──────── Dataset content

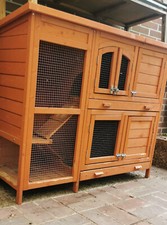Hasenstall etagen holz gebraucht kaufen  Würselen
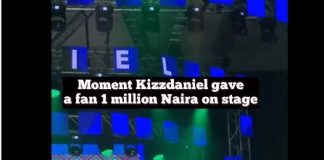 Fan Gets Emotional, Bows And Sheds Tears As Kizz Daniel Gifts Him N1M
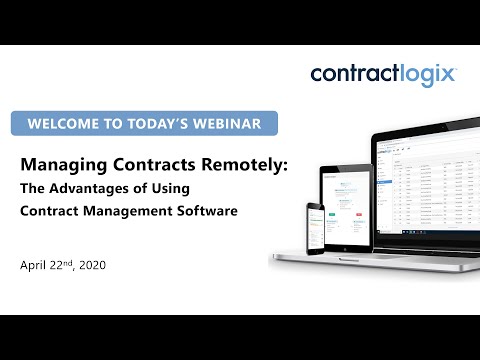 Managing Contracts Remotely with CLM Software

────────────────
──────── Dataset content

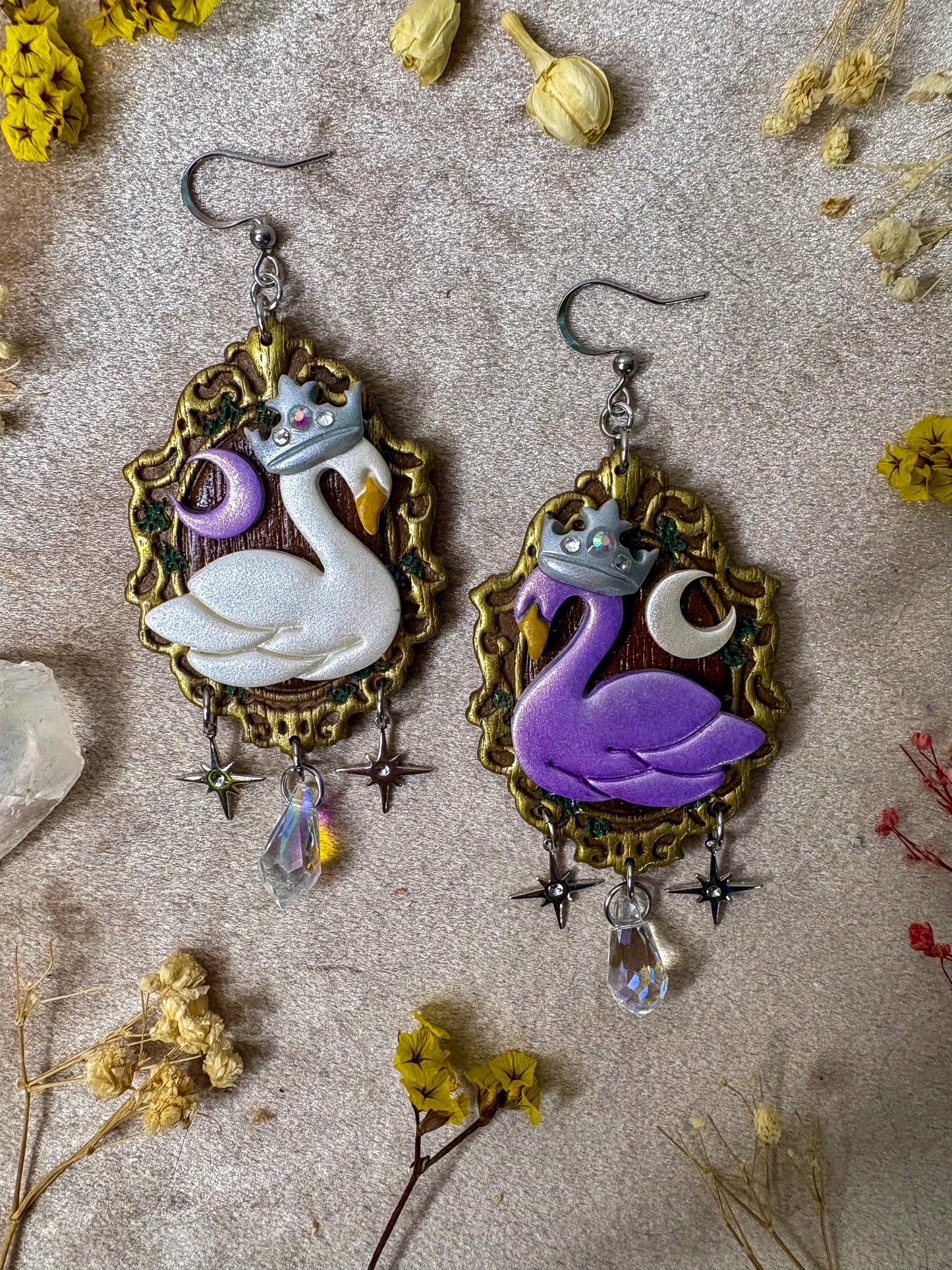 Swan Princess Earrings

────────────────

Using the entries above, transcribe exactly from the line that has "Hasenstall etagen holz" through the line that has "Managing Contracts Remotely". Pictures are dropped.

◆ Response below
Hasenstall etagen holz gebraucht kaufen  Würselen
 Fan Gets Emotional, Bows And Sheds Tears As Kizz Daniel Gifts Him N1M
 Managing Contracts Remotely with CLM Software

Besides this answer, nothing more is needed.